TASK DIRECTIONS: Exactly those lines running from the one containing "대기·수질 측정업체 42%가 '우수'…작년보다 비율 높아져" to the end of the material are to be printed, and no others.

THE INPUT:

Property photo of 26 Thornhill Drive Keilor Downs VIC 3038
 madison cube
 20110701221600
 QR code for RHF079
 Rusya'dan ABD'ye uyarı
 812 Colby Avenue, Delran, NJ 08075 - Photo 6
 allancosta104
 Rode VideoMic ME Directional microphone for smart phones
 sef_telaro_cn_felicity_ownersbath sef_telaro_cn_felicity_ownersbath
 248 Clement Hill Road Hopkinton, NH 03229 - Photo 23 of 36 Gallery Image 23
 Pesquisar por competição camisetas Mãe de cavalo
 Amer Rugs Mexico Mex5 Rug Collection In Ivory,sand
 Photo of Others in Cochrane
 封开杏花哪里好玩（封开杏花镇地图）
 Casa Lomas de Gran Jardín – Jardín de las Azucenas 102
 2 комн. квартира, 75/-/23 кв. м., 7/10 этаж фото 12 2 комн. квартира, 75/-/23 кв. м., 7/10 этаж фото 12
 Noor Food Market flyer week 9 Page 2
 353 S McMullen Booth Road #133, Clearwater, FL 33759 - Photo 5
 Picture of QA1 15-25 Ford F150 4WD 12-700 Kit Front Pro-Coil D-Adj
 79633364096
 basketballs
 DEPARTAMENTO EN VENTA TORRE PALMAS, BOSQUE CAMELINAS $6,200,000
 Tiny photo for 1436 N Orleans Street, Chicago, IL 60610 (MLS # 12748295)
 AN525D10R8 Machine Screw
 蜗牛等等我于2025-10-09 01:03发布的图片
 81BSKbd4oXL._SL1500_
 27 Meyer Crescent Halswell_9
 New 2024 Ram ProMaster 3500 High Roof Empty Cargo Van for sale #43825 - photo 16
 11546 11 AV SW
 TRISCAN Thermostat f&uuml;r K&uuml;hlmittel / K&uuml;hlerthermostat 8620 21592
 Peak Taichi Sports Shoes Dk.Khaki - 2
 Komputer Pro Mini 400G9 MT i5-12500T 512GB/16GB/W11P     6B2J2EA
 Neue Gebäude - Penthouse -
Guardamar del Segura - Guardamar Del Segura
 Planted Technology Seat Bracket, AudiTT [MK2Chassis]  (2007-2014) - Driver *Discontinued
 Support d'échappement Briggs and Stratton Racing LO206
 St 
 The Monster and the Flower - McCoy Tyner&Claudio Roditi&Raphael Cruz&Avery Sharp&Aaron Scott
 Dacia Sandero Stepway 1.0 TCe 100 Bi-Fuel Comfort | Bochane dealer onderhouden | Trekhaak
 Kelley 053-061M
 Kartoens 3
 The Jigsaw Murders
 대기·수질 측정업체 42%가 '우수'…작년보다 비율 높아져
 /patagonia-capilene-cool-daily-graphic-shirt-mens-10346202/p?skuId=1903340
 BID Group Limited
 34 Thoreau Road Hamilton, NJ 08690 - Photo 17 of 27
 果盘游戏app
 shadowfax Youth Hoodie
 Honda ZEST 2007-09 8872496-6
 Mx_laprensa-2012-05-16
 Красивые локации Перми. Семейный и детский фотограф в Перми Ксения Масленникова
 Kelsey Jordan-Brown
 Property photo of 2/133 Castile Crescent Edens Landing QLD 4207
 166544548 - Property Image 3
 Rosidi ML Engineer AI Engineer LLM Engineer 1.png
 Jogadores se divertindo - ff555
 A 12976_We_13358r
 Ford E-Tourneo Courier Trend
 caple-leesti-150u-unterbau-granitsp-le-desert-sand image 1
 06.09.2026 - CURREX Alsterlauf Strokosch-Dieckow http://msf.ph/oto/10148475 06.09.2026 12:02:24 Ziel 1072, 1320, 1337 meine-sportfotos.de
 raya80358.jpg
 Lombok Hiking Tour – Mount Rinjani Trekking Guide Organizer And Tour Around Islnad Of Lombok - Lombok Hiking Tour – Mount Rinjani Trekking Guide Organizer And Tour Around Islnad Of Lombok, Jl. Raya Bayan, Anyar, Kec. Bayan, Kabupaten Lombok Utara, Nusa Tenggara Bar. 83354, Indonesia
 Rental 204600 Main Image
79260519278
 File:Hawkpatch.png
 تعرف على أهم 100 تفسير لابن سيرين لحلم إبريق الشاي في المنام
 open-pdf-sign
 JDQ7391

FINISHED TASK:
 대기·수질 측정업체 42%가 '우수'…작년보다 비율 높아져
 /patagonia-capilene-cool-daily-graphic-shirt-mens-10346202/p?skuId=1903340
 BID Group Limited
 34 Thoreau Road Hamilton, NJ 08690 - Photo 17 of 27
 果盘游戏app
 shadowfax Youth Hoodie
 Honda ZEST 2007-09 8872496-6
 Mx_laprensa-2012-05-16
 Красивые локации Перми. Семейный и детский фотограф в Перми Ксения Масленникова
 Kelsey Jordan-Brown
 Property photo of 2/133 Castile Crescent Edens Landing QLD 4207
 166544548 - Property Image 3
 Rosidi ML Engineer AI Engineer LLM Engineer 1.png
 Jogadores se divertindo - ff555
 A 12976_We_13358r
 Ford E-Tourneo Courier Trend
 caple-leesti-150u-unterbau-granitsp-le-desert-sand image 1
 06.09.2026 - CURREX Alsterlauf Strokosch-Dieckow http://msf.ph/oto/10148475 06.09.2026 12:02:24 Ziel 1072, 1320, 1337 meine-sportfotos.de
 raya80358.jpg
 Lombok Hiking Tour – Mount Rinjani Trekking Guide Organizer And Tour Around Islnad Of Lombok - Lombok Hiking Tour – Mount Rinjani Trekking Guide Organizer And Tour Around Islnad Of Lombok, Jl. Raya Bayan, Anyar, Kec. Bayan, Kabupaten Lombok Utara, Nusa Tenggara Bar. 83354, Indonesia
 Rental 204600 Main Image
79260519278
 File:Hawkpatch.png
 تعرف على أهم 100 تفسير لابن سيرين لحلم إبريق الشاي في المنام
 open-pdf-sign
 JDQ7391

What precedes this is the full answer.